## Aim of the task:
Among the entries below, only the lines from the one with "NAMIBIA, Namib Desert, Namib" through the one with "9ct gold curb" are wanted, reproduced exactly. Pictures are not wanted.
══ Data for processing ══
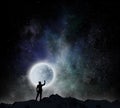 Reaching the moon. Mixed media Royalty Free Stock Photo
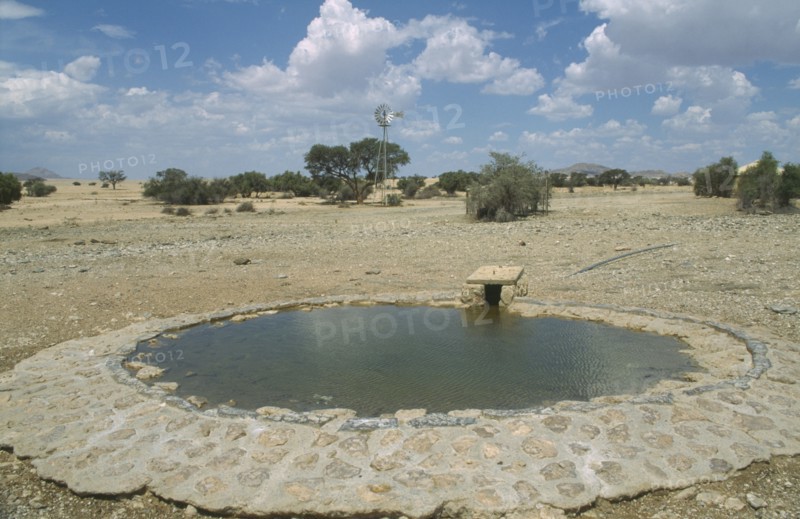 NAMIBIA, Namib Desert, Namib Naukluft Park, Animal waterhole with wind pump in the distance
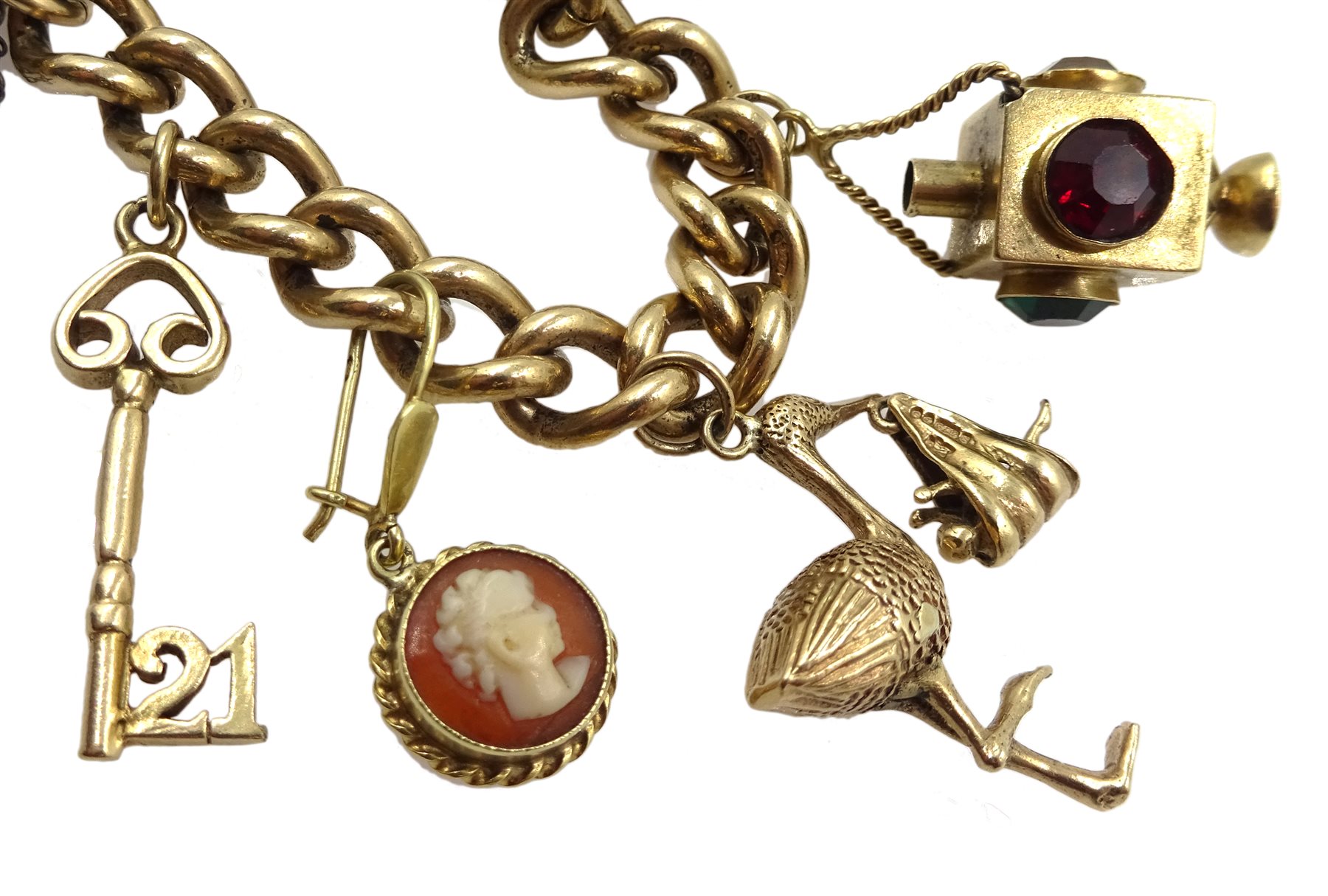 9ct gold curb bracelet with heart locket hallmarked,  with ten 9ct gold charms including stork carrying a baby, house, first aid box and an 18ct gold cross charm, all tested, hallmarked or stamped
═══
══ Data for processing ══
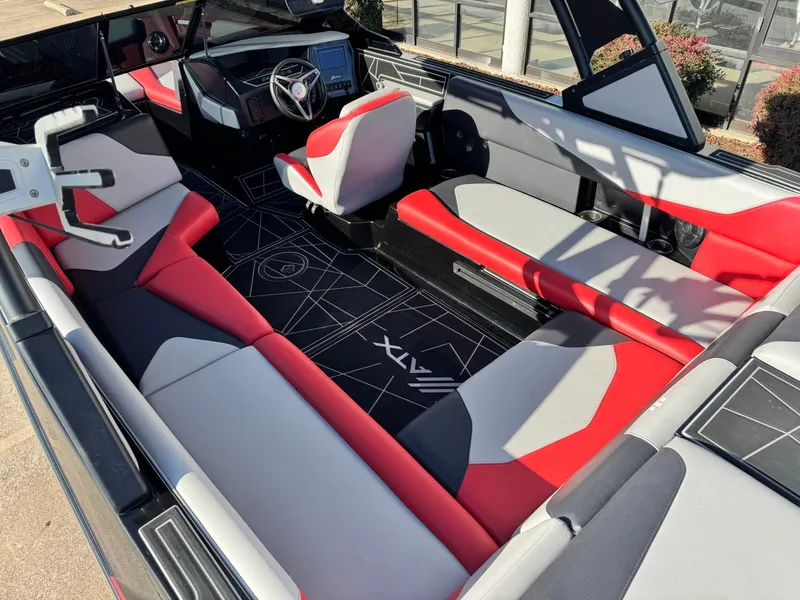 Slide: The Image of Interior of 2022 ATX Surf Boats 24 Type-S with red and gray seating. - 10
═══
## Worked solution:
 NAMIBIA, Namib Desert, Namib Naukluft Park, Animal waterhole with wind pump in the distance
 9ct gold curb bracelet with heart locket hallmarked,  with ten 9ct gold charms including stork carrying a baby, house, first aid box and an 18ct gold cross charm, all tested, hallmarked or stamped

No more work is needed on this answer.